Ik zat er, tussen uitbaterij en het water van de – vul maar een stromend geoniem in. Achter me en daarom voor mij niet zichtbare oudere vrouw was aan het converseren met een jonger echtpaar. Dat had ze net leren kennen toen ze kort daarvoor in het kader van een officieuze herverkaveling stiekem het bankje had bezet waarvan het tweetal temporeel afstand had gedaan om rond te kijken maar ze kwamen vervolgens naar hun plaats terug. De oudere mevrouw was inschikkelijk en zo ontstond de conversatie waarin ze bekende al van jongsaf iets met waater te hebben. Ja, ze rekte de klinker, in de verte klonk ze misschien wel wat Noordelijk. Hoezo water? In de gracht werd aan kanoën gedaan maar opvallender was dat enkele zwemmers zich erdoorheen sloegen: de gracht was een beetje een zwembad.
Water ja. Kijk, haar vader was veehouder geweest in Oudemirdum (aha, Friesland). Ja, inmiddels woonde ze een jaar of 30 in Amsterdam en met veel genoegen hoor, maar daar aan het IJsselmeer had ze als kind veel gezwommen. Vandaar. Het wás trouwens de Zuiderzee vertelde ze, de Afsluitdijk was nog niet klaar.
Daarmee werd de korte ontmoeting als het ware feitenrijk afgespoeld en de mevrouw wenste haar gesprekspartners vandaag nog het allerbeste toe.
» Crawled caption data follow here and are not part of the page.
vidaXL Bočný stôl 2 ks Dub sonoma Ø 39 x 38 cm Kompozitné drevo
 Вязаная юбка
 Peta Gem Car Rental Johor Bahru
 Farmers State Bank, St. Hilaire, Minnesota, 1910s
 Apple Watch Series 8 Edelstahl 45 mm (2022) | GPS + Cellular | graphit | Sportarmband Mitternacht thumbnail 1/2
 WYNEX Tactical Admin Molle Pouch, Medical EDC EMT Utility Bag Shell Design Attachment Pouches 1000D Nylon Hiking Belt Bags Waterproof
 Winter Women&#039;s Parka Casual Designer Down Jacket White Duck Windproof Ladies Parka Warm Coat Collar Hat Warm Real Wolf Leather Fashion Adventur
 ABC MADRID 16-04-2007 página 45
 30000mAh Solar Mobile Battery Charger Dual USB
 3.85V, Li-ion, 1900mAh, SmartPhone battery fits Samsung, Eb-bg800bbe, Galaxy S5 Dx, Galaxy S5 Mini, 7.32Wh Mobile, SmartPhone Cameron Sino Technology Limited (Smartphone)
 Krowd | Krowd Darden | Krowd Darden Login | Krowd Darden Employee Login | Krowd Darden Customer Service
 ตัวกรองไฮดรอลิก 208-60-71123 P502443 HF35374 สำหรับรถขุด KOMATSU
Ze ging staan en liep toepasselijk naar het buitengebouw met de toiletten en nu pas kon ik haar zien; ik dacht even later aan wat Carmiggelt schreef over Cor Ruys, de toneelspeler die iemand niet meer zo piep, maar ook nog niet zo stok noemde (Kunstenaars van toen, in De vrolijke jaren, blz. 101): ze was gezet, had grijs haar in vaste vorm op haar hoofd als kroon op een donkerpaarse combinatie, goud aan een arm, waarop enkele tatoeages druk aan het oefenen waren voor een zwemdiploma. In gedachten doopte ik haar Marie Cécile ongeacht of ze nu goed kon zingen, van koninklijken bloede was of fotografe van naam. Misschien was Anne Wil beter want ze deed wel wat denken aan Wilhelmina.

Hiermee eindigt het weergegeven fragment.